Vasles, c’est Mouton Village, parc touristique animalier que Janine connait par cœur car,
quand ses petits-enfants étaient moins grands, à toutes leurs vacances, la visite était au programme. Parc de 6 hectares classé refuge LPO, arboré d’essences et de végétaux
variés, on y avance comme on respire, librement, au gré de ses envies et où les enfants pourront courir, jouer…en toute sécurité. "Mouton Village" est le 1er Parc en France à accueillir 21 races
ovines du monde entier. Saviez-vous qu’il existait un mouton "à tête de lapin", un autre "à quatre cornes". Chacun à son caractère et ses habitudes. Partir à leur rencontre est une expérience
aussi originale qu’instructive. Avec l’audio guide, vous marcherez sur les traces de Nicolas et son grand-père le berger. Ils vous livreront les secrets d’une histoire qui se joue devant vos yeux
en grandeur nature.
photo Christian Huort
Le terrier de Fouilloux, point culminant des Deux-Sèvres
Pour nous il fait de plus en plus chaud et il est temps de repartir car au programme, avant ce
soir, il reste l’escalade du point culminant du département, "Le Terrier du Fouilloux", d'une altitude de 272 mètres. Chose faites, direction La Chapelle-Bertrand où un arrêt s’impose pour deux
raisons.
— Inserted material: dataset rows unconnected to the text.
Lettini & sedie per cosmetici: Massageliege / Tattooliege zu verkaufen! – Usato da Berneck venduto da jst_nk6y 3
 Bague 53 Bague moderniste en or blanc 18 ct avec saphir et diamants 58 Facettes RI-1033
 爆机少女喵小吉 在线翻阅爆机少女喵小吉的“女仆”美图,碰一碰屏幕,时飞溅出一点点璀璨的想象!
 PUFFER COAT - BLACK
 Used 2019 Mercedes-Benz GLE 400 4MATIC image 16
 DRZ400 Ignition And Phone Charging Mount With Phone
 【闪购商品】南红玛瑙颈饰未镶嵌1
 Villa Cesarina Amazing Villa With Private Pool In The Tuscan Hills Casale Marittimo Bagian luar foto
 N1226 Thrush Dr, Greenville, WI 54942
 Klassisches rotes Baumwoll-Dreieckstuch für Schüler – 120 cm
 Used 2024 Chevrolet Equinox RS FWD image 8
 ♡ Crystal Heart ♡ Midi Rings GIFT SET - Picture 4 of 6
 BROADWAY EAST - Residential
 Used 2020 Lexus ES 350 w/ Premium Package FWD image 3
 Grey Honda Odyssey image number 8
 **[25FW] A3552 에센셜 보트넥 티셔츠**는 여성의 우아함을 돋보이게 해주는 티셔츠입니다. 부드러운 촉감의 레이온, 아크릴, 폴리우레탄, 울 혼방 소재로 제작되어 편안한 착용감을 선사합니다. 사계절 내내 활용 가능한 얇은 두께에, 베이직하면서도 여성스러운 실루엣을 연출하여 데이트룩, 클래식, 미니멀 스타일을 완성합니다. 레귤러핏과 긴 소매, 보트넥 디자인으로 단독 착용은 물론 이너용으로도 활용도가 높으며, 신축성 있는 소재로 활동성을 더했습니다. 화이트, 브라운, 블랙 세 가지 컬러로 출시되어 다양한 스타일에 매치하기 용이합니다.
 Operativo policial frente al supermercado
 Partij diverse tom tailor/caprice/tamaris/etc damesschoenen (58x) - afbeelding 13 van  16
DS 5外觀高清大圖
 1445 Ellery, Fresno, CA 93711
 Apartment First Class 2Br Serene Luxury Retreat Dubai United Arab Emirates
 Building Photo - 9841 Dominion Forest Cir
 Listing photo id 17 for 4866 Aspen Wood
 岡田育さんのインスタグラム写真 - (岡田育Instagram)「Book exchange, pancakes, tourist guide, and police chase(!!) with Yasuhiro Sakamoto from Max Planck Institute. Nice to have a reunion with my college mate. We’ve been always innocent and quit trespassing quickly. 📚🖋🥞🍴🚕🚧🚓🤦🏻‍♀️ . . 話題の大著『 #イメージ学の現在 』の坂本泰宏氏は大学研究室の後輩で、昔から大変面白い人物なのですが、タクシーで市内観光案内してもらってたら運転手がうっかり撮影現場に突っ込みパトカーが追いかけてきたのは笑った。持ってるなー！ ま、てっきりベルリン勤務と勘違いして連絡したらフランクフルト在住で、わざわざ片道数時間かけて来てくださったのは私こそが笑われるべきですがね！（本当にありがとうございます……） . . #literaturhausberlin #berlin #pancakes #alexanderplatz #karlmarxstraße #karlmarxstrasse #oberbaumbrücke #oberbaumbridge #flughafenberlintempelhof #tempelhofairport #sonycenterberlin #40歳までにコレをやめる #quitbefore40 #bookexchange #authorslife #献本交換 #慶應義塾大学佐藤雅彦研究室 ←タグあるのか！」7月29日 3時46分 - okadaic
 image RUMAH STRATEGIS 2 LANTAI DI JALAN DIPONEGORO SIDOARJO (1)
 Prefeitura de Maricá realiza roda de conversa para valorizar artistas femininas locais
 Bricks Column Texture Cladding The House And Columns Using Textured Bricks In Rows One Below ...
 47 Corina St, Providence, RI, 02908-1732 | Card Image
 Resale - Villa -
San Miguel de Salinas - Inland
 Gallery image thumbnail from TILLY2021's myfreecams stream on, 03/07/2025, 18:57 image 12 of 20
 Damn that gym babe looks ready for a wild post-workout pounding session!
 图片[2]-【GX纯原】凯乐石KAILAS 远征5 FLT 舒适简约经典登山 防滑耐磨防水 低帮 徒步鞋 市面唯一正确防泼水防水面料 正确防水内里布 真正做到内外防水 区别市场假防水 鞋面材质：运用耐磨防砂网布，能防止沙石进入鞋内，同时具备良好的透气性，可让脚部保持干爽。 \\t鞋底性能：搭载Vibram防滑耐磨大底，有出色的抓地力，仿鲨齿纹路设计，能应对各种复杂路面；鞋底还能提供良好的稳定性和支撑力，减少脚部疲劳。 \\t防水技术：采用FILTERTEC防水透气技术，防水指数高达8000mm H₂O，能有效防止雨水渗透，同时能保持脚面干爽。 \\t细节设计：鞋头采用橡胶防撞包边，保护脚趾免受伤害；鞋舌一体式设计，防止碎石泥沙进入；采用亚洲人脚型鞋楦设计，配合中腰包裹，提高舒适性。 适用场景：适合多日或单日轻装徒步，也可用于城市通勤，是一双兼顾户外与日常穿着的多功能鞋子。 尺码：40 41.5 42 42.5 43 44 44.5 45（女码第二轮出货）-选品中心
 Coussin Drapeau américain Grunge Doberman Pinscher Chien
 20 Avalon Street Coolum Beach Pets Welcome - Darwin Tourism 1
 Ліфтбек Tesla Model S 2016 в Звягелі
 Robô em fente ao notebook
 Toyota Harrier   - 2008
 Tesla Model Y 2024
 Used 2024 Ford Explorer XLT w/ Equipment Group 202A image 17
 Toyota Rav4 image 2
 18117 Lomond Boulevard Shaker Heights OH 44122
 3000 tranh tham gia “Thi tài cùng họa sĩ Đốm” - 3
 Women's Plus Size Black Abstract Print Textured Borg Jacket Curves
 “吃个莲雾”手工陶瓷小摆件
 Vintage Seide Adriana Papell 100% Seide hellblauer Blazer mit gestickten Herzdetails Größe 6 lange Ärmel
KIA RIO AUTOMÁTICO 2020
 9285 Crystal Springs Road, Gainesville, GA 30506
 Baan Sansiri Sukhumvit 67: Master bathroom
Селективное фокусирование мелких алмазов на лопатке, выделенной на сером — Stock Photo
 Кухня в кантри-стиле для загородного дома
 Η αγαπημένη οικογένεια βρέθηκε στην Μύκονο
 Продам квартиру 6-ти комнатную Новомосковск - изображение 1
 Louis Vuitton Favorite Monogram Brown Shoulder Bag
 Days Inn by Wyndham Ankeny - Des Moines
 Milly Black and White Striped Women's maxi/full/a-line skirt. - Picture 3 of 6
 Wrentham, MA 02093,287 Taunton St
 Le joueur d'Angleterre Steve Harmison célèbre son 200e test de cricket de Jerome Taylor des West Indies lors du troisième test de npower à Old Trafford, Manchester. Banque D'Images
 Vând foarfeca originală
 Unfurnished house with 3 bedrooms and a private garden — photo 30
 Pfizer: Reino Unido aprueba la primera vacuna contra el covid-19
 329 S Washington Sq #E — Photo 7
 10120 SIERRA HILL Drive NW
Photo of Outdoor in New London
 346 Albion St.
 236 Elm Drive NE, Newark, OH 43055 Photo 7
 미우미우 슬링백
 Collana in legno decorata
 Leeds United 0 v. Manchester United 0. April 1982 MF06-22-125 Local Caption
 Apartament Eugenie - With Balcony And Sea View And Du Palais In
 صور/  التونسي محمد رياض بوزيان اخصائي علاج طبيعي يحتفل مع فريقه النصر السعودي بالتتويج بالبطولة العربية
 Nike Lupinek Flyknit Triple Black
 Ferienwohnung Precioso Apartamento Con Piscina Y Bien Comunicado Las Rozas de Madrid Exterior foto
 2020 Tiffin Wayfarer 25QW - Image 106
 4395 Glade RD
Premièrement comme il fait une chaleur presque torride, un bon rafraichissement au café du village s’impose, ce qui nous permet de remplir nos bidons d’eau fraîche. Deuxièmement voir le
château.
Le chevalier Louis Normandin fut le premier seigneur connu, du château de la
Chapelle-Bertrand, au XIVe siècle. Construit dans une cour fermée. Il comprend quatre niveaux. De plan rectangulaire, il offre une façade sud dotée de deux tours rondes couvertes d'une toiture
conique et d'une tour polygonale en saillie au centre, contenant l'escalier de distribution. Au rez-de-chaussée, les salles sont disposées en enfilade, respectant ainsi une organisation héritée
du Moyen Age. A l'inverse, l'étage annonce déjà une évolution des circulations. En effet, l'escalier s'ouvre sur un long corridor qui permet de desservir les différentes pièces. Propriété privée
le château ne se visite pas.
Maintenant direction Parthenay terme de notre première journée. Après un accueil chaleureux
de nos hôtes, Pierre et Anne-Marie RUSSEIL au 57 rue Alsace Lorraine, nous partons à la découverte d’une partie de la ville. Christian la connait suffisamment pour servir de guide.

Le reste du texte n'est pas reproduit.